Data entries
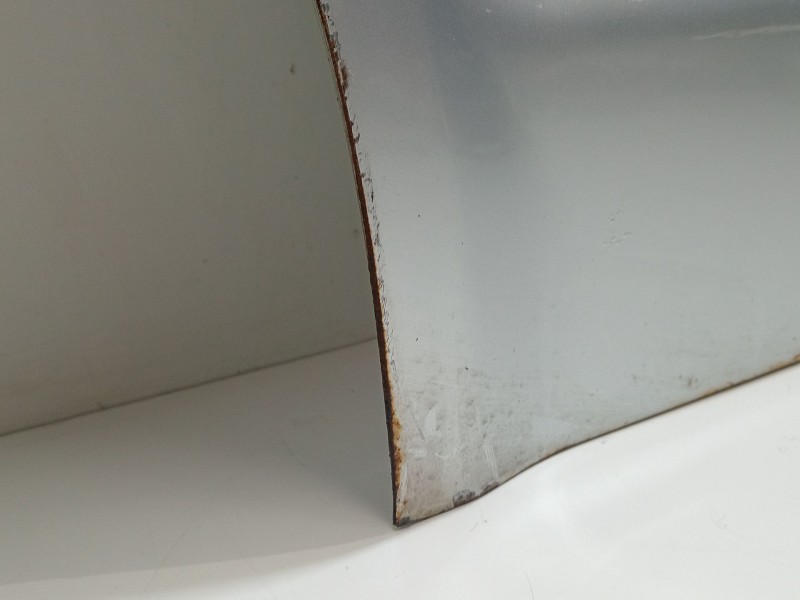 Recambio de puerta delantera izquierda para volkswagen transporter t5 autobús (7hb, 7hj, 7eb, 7ej) 2.5 tdi referencia OEM IAM AX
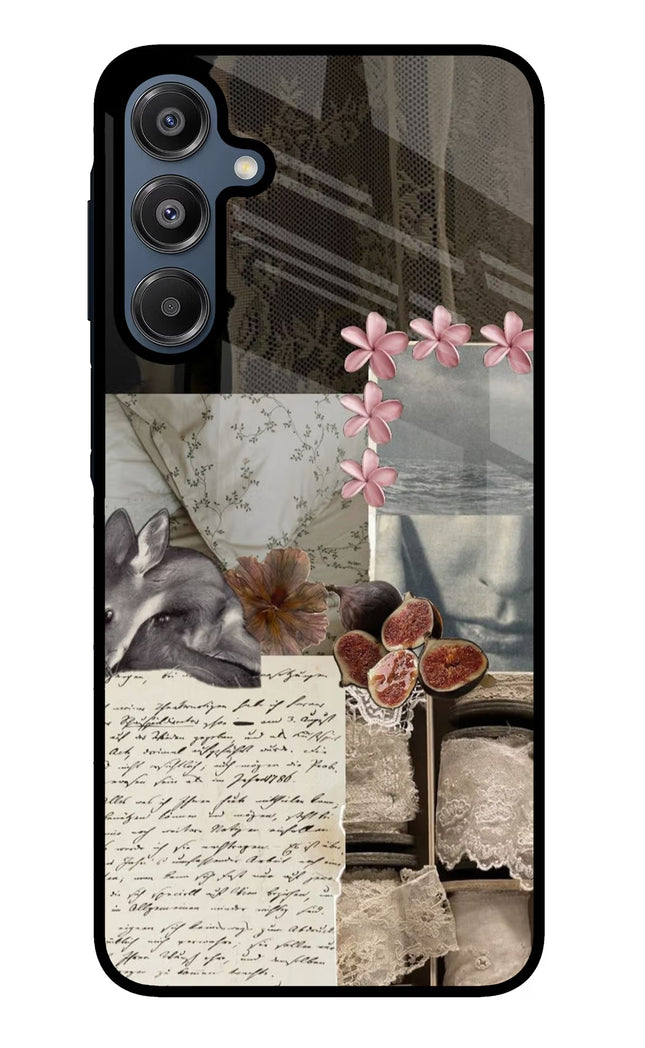 Midnight Sky Samsung A16 5G Glass Case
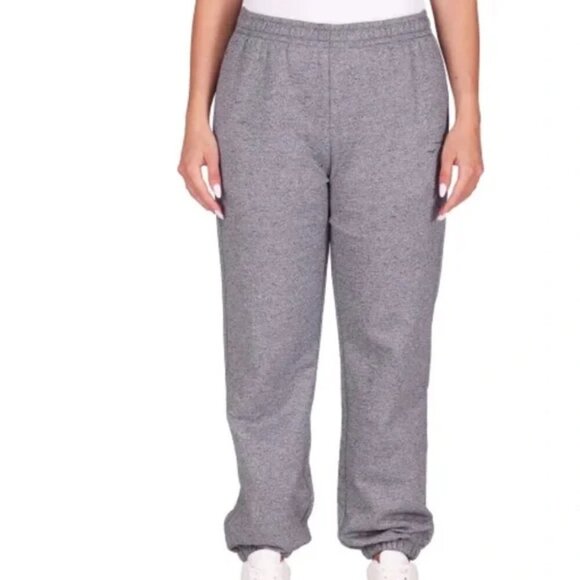 NEW Lazypants Fleece Joggers | Grey - Picture 1 of 6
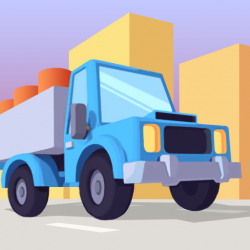 Truck Deliver 3D Jogo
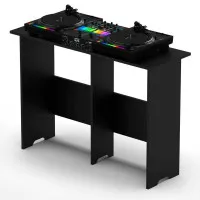 Glorious MIX Station 2 Стол для диджея, чёрный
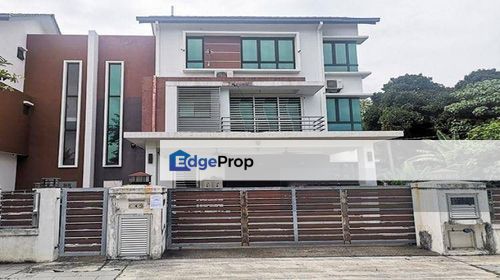 2.5 Storey Semi Detached House, Paya Jaras Hilir, Shah Alam, Selangor, Selangor, Shah Alam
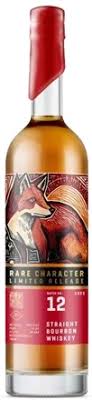 Rare Character ‘Limited Release Batch No. 12’ Straight Bourbon Whiskey 2025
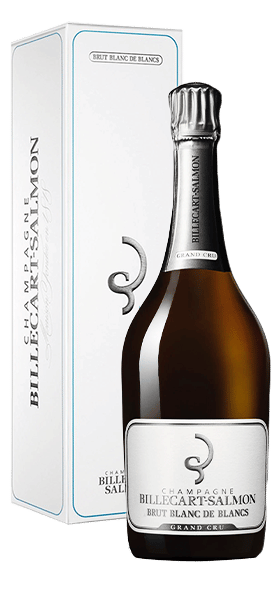 Billecart Salmon Blanc de Blancs Grand Cru Coffret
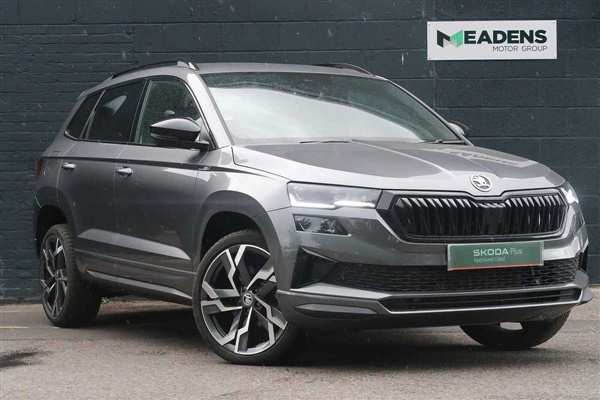 Large image for the Used Skoda Karoq
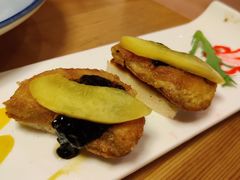 铁板鹅肝-王鼎精致料理铁板烧(世博源店)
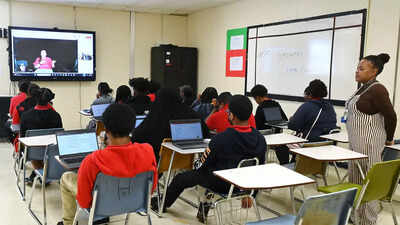Mississippi launches virtual teacher programme to fight staff shortages: Can technology truly replace the classroom experience?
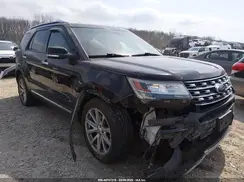 1FM5K8F82GGC25142 2016 FORD EXPLORER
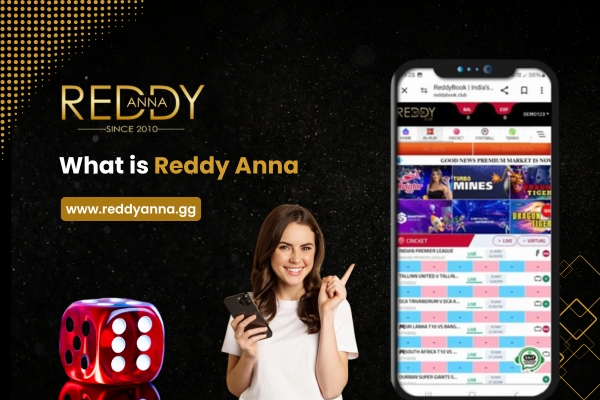 What IS Reddy Anna ?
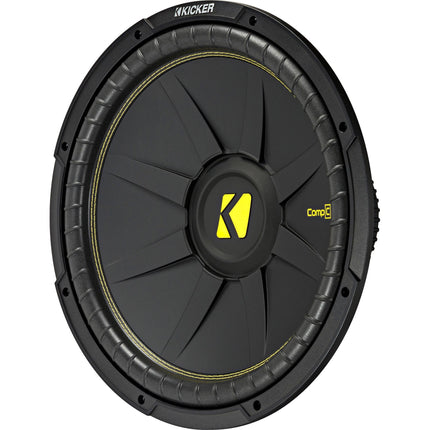 Kicker 44CWCD154 15" Dual 4-Ohm Subwoofer - Showtime Electronics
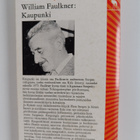 William Faulkner : Kaupunki - pikkukuva 2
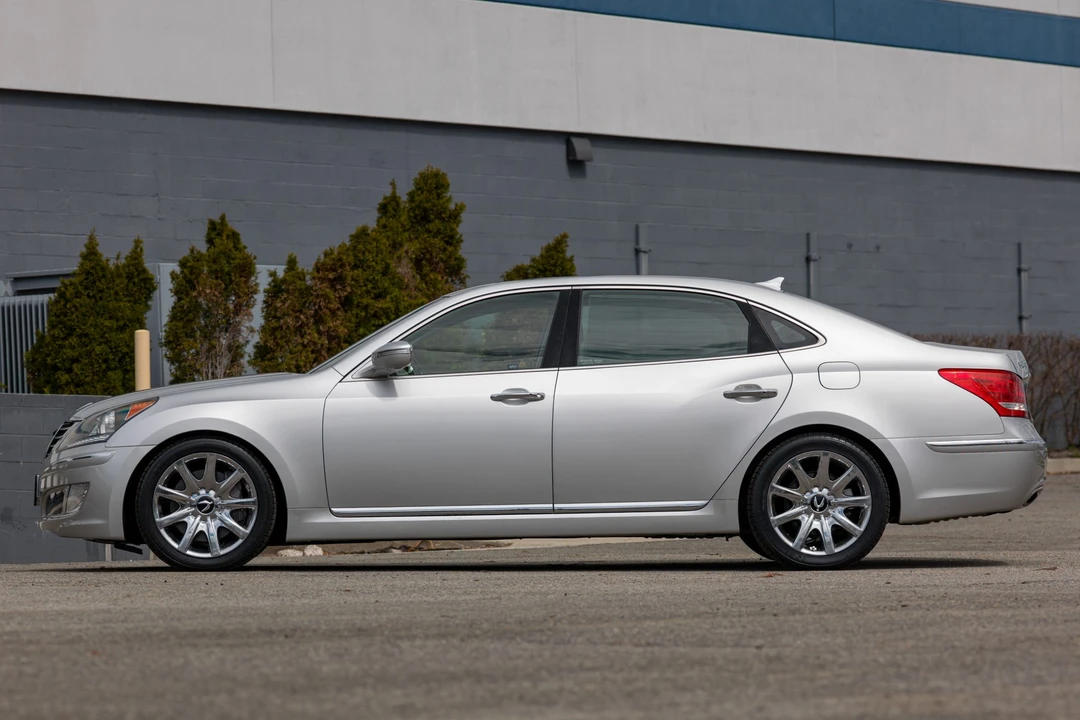 2013 Hyundai Equus - Image 22 of 31
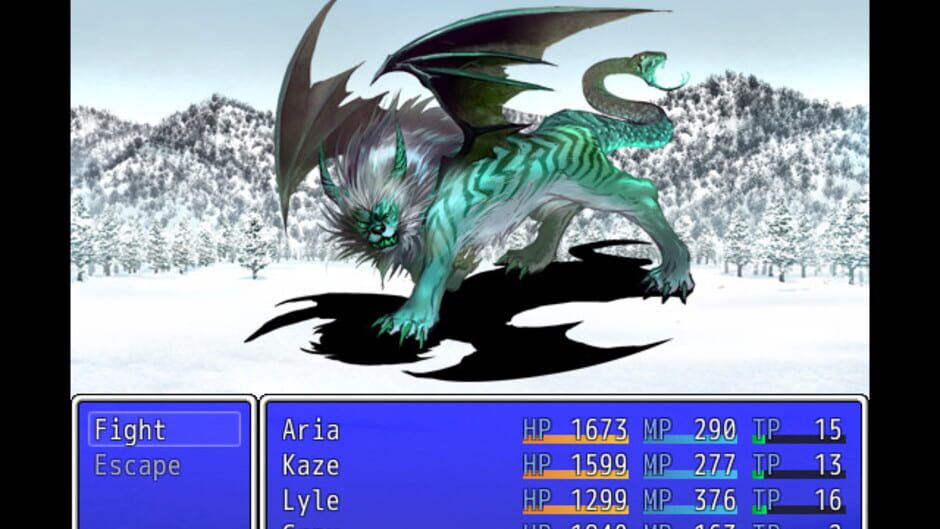 Dreams of the Elements Screenshot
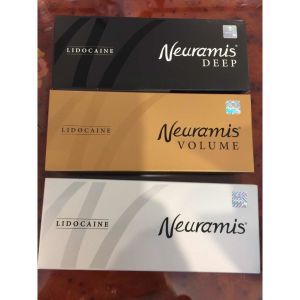 Neuramis-Hyaluronic acid Filler 100% ha  nose lip filler1215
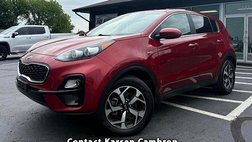 2021 Kia Sportage LX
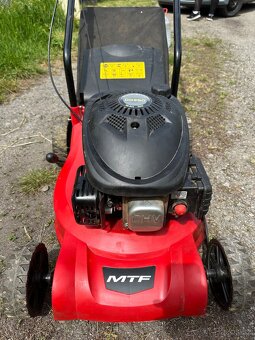 benzínová sekačku MTF LM 40 PP - 2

Directions for this task: Please print every record above exactly, but leave the pictures out.

Answer for this exercise:
 Recambio de puerta delantera izquierda para volkswagen transporter t5 autobús (7hb, 7hj, 7eb, 7ej) 2.5 tdi referencia OEM IAM AX
 Midnight Sky Samsung A16 5G Glass Case
 NEW Lazypants Fleece Joggers | Grey - Picture 1 of 6
 Truck Deliver 3D Jogo
 Glorious MIX Station 2 Стол для диджея, чёрный
 2.5 Storey Semi Detached House, Paya Jaras Hilir, Shah Alam, Selangor, Selangor, Shah Alam
 Rare Character ‘Limited Release Batch No. 12’ Straight Bourbon Whiskey 2025
 Billecart Salmon Blanc de Blancs Grand Cru Coffret
 Large image for the Used Skoda Karoq
 铁板鹅肝-王鼎精致料理铁板烧(世博源店)
Mississippi launches virtual teacher programme to fight staff shortages: Can technology truly replace the classroom experience?
 1FM5K8F82GGC25142 2016 FORD EXPLORER
 What IS Reddy Anna ?
 Kicker 44CWCD154 15" Dual 4-Ohm Subwoofer - Showtime Electronics
 William Faulkner : Kaupunki - pikkukuva 2
 2013 Hyundai Equus - Image 22 of 31
 Dreams of the Elements Screenshot
 Neuramis-Hyaluronic acid Filler 100% ha  nose lip filler1215
 2021 Kia Sportage LX
 benzínová sekačku MTF LM 40 PP - 2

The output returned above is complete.